Tough SQL Problems: Comprehensive Guide with Explanations for Interviews
SQL (Structured Query Language) is a critical skill for data professionals, including data analysts, data scientists, and database administrators. In interviews, SQL questions can range from basic queries to complex problems that test your understanding of database concepts and your ability to write efficient queries. This comprehensive guide covers some tough SQL problems, their solutions, and detailed explanations to help you prepare for your next interview.
1. Finding the Nth Highest Salary
One of the classic SQL problems is finding the Nth highest salary from a table of employees.
Problem
Given a table Employees with columns id and salary, write a query to find the Nth highest salary.
Solution
SELECT DISTINCT salary
FROM Employees
ORDER BY salary DESC
LIMIT 1 OFFSET N-1;
Explanation
This query uses the ORDER BY clause to sort the salaries in descending order. The DISTINCT keyword ensures that duplicate salaries are not considered. The LIMIT clause limits the number of results, and the OFFSET clause skips the first N-1 rows, effectively selecting the Nth highest salary.
2. Finding Duplicates in a Table
Another common problem is identifying duplicate records in a table.
Problem
Given a table Users with columns id and email, write a query to find duplicate email addresses.
Solution
SELECT email, COUNT(*)
FROM Users
GROUP BY email
HAVING COUNT(*) > 1;
Explanation
This query groups the records by the email column and counts the number of occurrences of each email. The HAVING clause filters the results to include only those groups with a count greater than one, indicating duplicate email addresses.

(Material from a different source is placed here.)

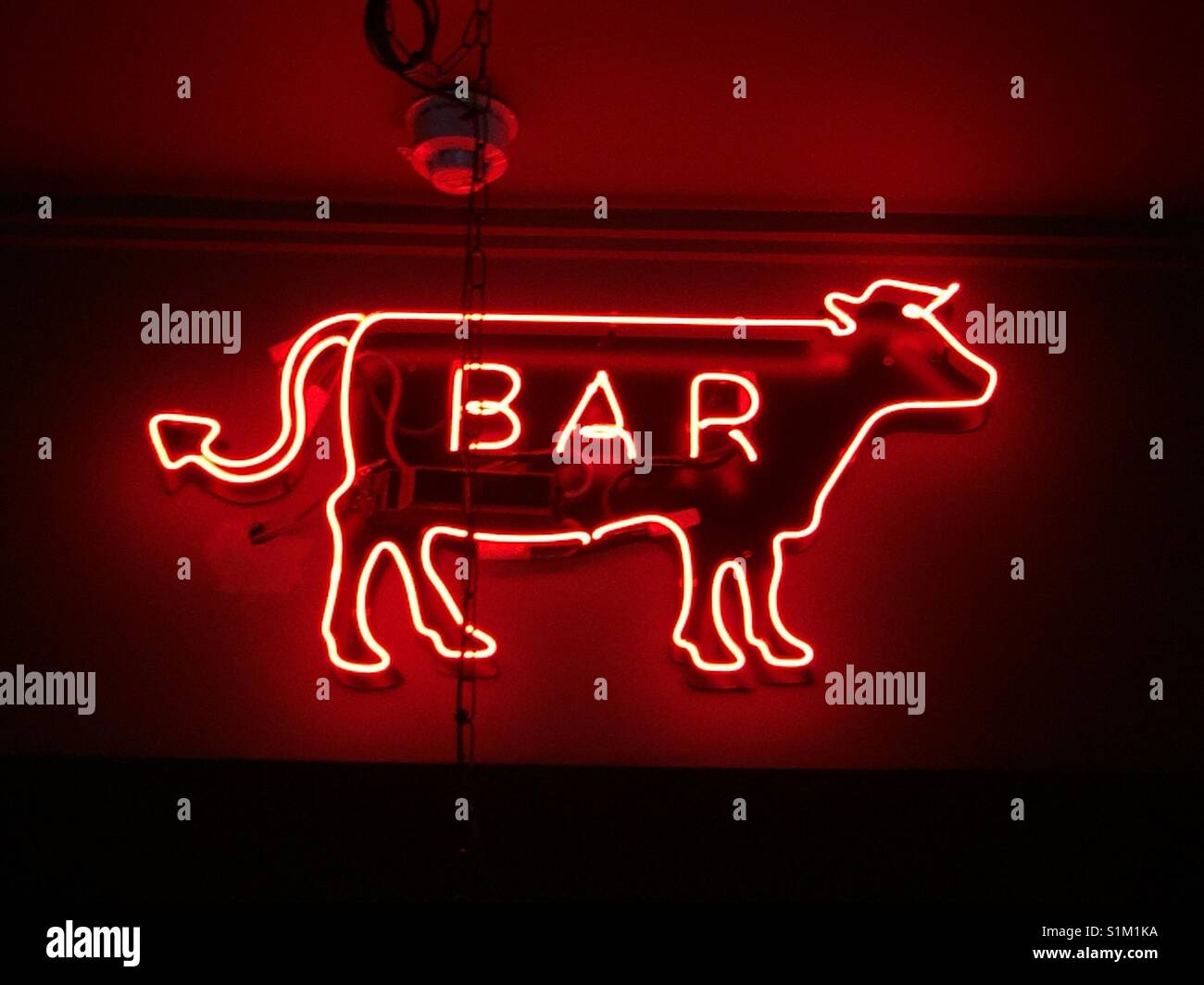 Neon bar sign, Dublin Stock Photo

3. Finding Employees with Salaries Greater Than Their Managers
This problem involves self-joins and subqueries.
Problem
Given a table Employees with columns id, name, salary, and manager_id, write a query to find employees whose salary is greater than their manager's salary.
Solution
SELECT e1.name
FROM Employees e1
JOIN Employees e2 ON e1.manager_id = e2.id
WHERE e1.salary > e2.salary;
Explanation
This query uses a self-join to compare each employee's salary with their manager's salary. The JOIN clause joins the table Employees with itself based on the manager_id and id columns. The WHERE clause filters the results to include only those employees whose salary is greater than their manager's salary.

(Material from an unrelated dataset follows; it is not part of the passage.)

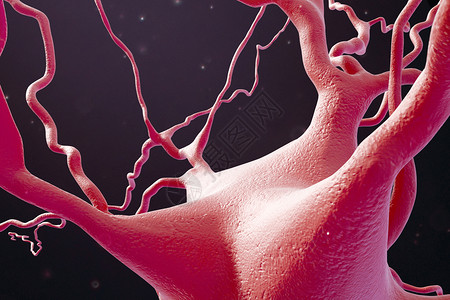 三维神经细胞模型图片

4. Finding the Second Highest Salary Without Using LIMIT
Finding the second highest salary can also be done using a subquery.
Problem
Given a table Employees with columns id and salary, write a query to find the second highest salary without using the LIMIT clause.
Solution
SELECT MAX(salary)
FROM Employees
WHERE salary < (SELECT MAX(salary) FROM Employees);
Explanation
This query uses a subquery to find the maximum salary, and then it finds the maximum salary that is less than the first maximum salary, effectively selecting the second highest salary.

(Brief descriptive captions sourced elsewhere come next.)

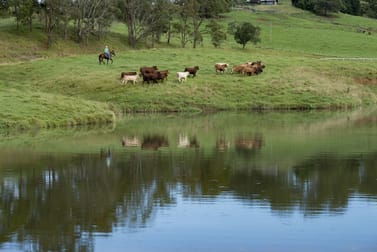 528 Mount Pleasant Road Mount Pleasant QLD 4521 - Image 3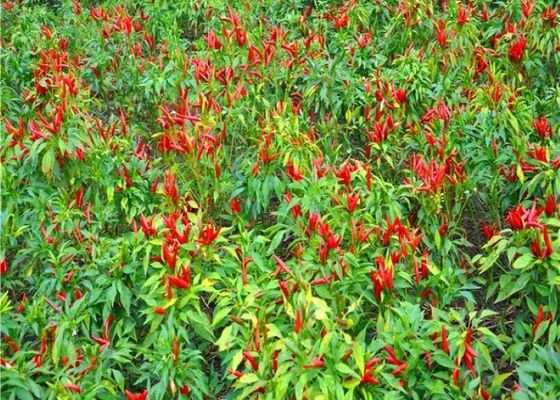 Yeni Ürün Yapon Dondurulmuş Kuş Gözleri Çili Paprika A Sınıfı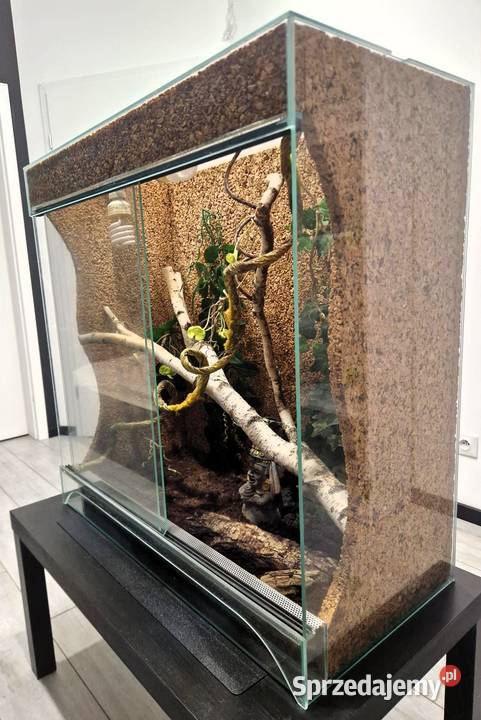 Sprzedam Terrarium szklane 80 396 85 2 lampy UVB Gdańsk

5. Ranking Employees by Salary
Ranking employees by their salary is a common problem that can be solved using window functions.
Problem
Given a table Employees with columns id, name, and salary, write a query to rank employees by their salary.
Solution
SELECT id, name, salary,
RANK() OVER (ORDER BY salary DESC) as salary_rank
FROM Employees;
Explanation
This query uses the RANK() window function to assign a rank to each employee based on their salary in descending order. The OVER clause specifies the ordering of the rows.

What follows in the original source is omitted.